Cortez Journal

Visitation steady over years at park

Oct. 14, 2000

By Janelle Holden
Journal Staff Writer

Until this year and its disastrous wildfires, visitor rates at Mesa Verde have held fairly steady for the past 10 years.

In 1992, the visitation rates peaked at 742,020 people, but have generally stayed in between 600,000 and 700,000 over the past decade.

In 2000, the Pony and Bircher wildfires forced the park’s closure for nearly three weeks during its peak tourist season – July and August — and now visitation rates are down by close to 30 percent for the first nine months of this year. In total, 349,654 tourists have visited the park in 2000.

Even with the fires, however, this year Mesa Verde National Park was rated by readers of Condé Nast Traveler as one of the top 10 U.S. monuments for the third year in a row. The park was ranked second behind San Simeon Castle in California and ahead of other monuments such as Pearl Harbor Memorial, Mount Rushmore and Gettysburg, Pennsylvania.

Chaco Canyon in New Mexico also made the top 10.

Although the park currently directly profits from the proceeds of ticket sales into the park, park officials say they have not used a planned marketing strategy to boost visitation, other than after this year’s fire season. The proceeds from ticket sales are directed to infrastructure projects.

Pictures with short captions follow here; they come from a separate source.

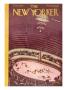 The New Yorker Cover - February 2, 1929 by Sue Williams Limited Edition Print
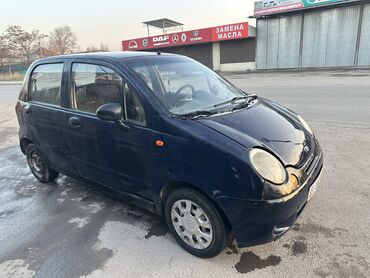 Daewoo: Daewoo Matiz: 2004 г., 0.8 л, Механика, Бензин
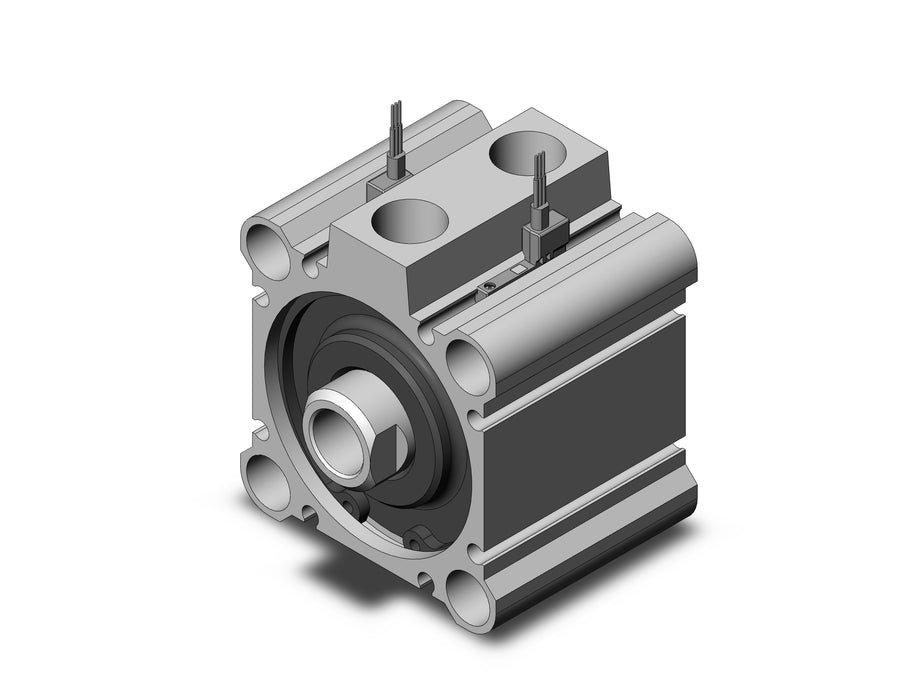 NCDQ2B50-10DZ-M9NV Compact Cylinder, NCQ2-Z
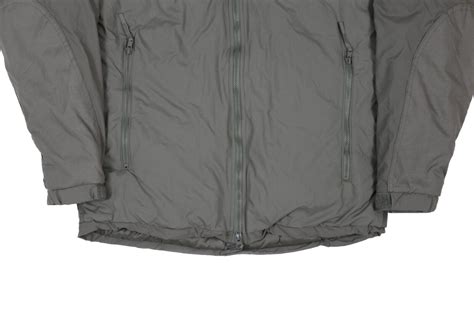 Small Primaloft Gen 3 L7 Ecwcs Parka Extreme Cold Weather Jacket Coat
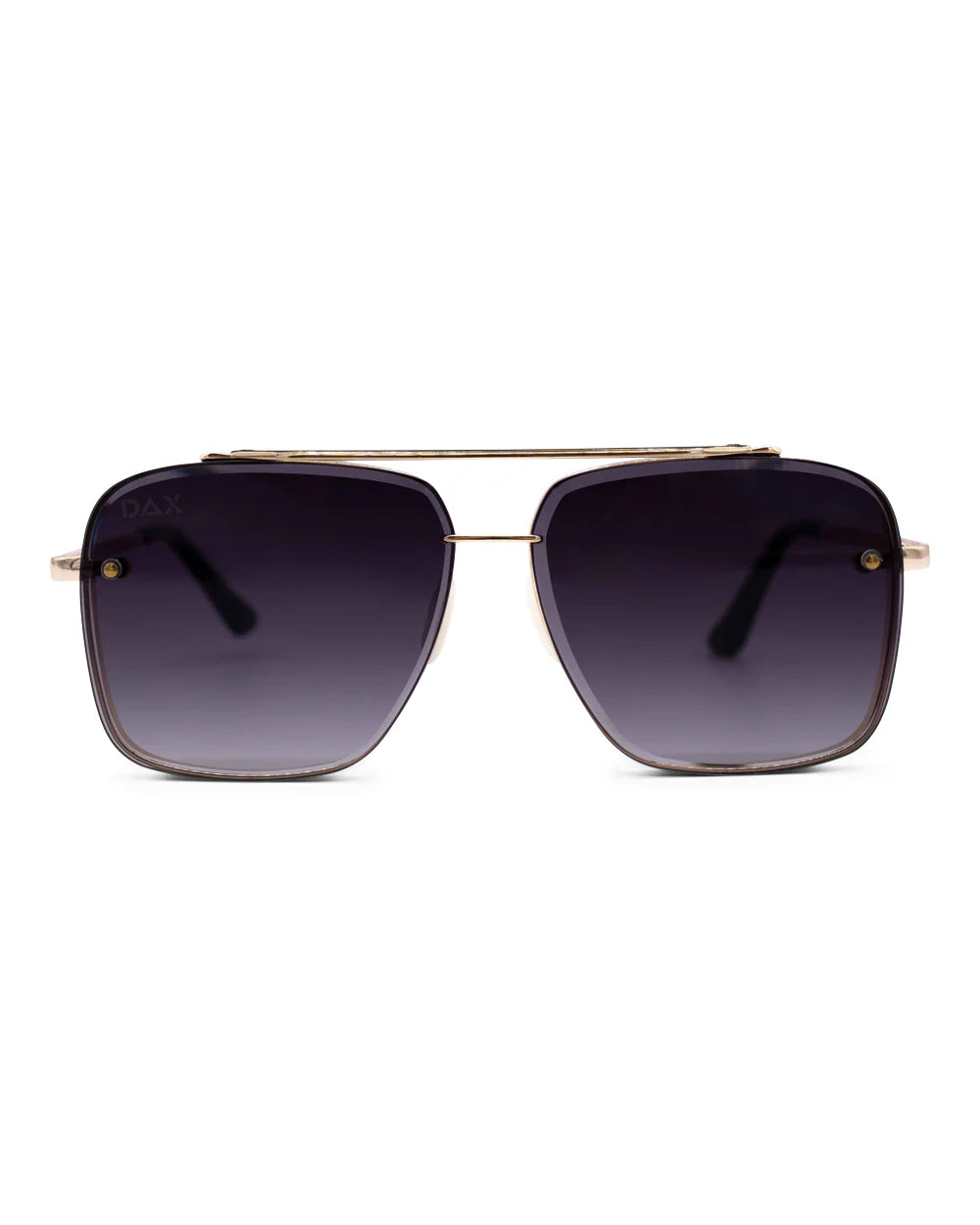 Dallas Sunglasses (Black) - DAX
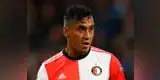 Renato Tapia y su momento más difícil: Feyenoord no lo quiere y le indica que busque otro club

Will Morris, spokesman for the park, said that even in a normal year, the park has never reached carrying capacity. "We are nowhere near the carrying capacity of the (park’s only entrance) road," Morris said.

Complete carrying capacity is determined by parking space and traffic flow.

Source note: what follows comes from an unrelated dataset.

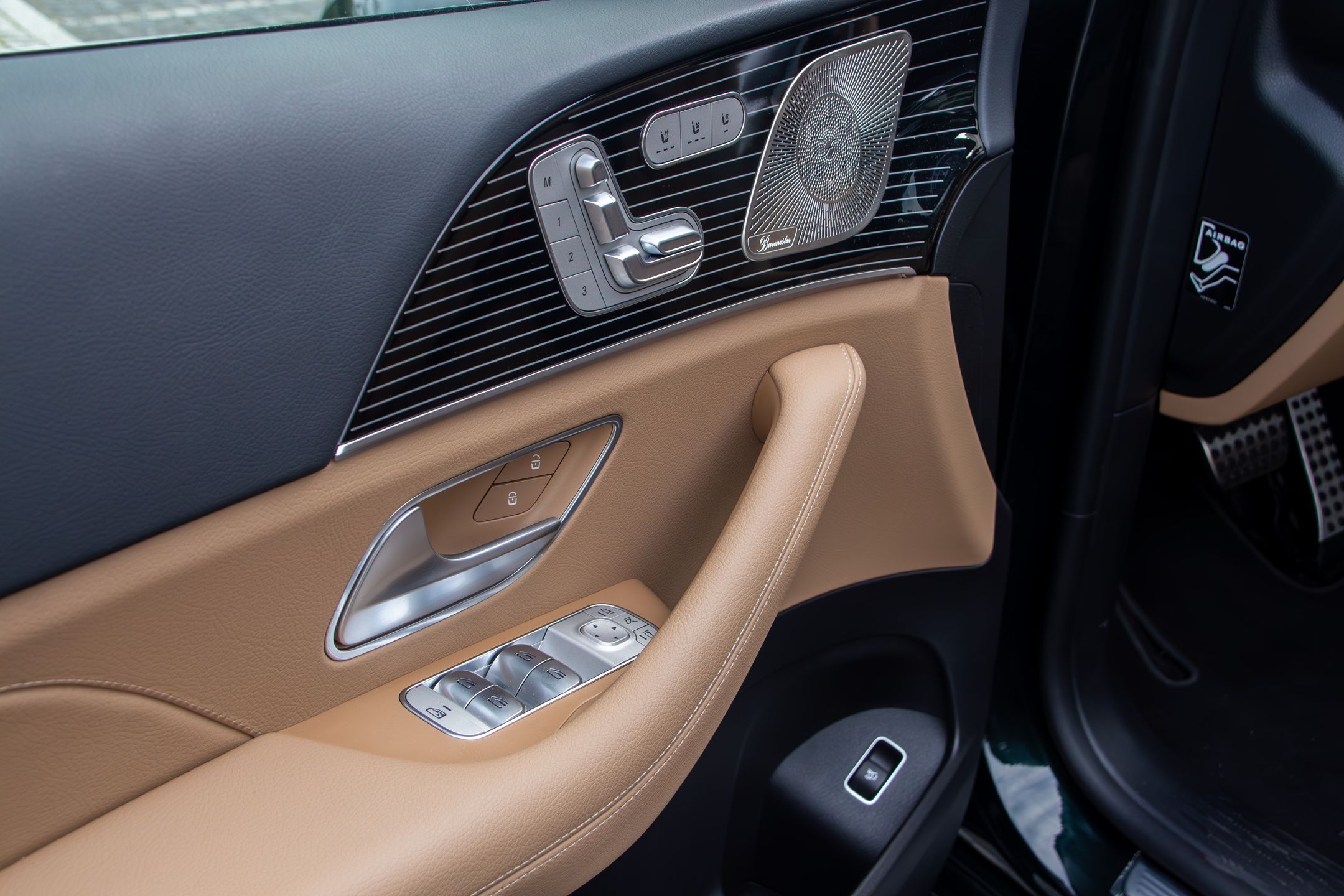 Mercedes-Benz GLS 450 4Matic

Morris said before visitors were charged an entrance fee, the park had experienced some parking difficulties, but rarely seems overcrowded now.

Currently, officials are studying the park’s social carrying capacity, or the amount of people tourists are comfortable with before their experience suffers.

By measuring the social carrying capacity through visitor surveys and visitor observations, park managers can identify at what places overcrowding normally occurs, and put a numeric value on social capacity.

Morris said the park is using a computer-generated visitor-experience and resource-protection process, in which Mesa Verde visitors are shown a computer-simulated model of various numbers of people visiting archaeological sites. They then select the image they think is unacceptably crowded.

The park plans to complete the survey project by next summer. From these numbers, park officials will measure maximum and social carrying capacity to determine the optimum visitor rates throughout the park.

Morris said these numbers will help determine whether a visitors center at the front of the park is needed, and whether the park should open sites during the winter.

"Our goal is to set management practices in place that move people to the right places," explained Morris.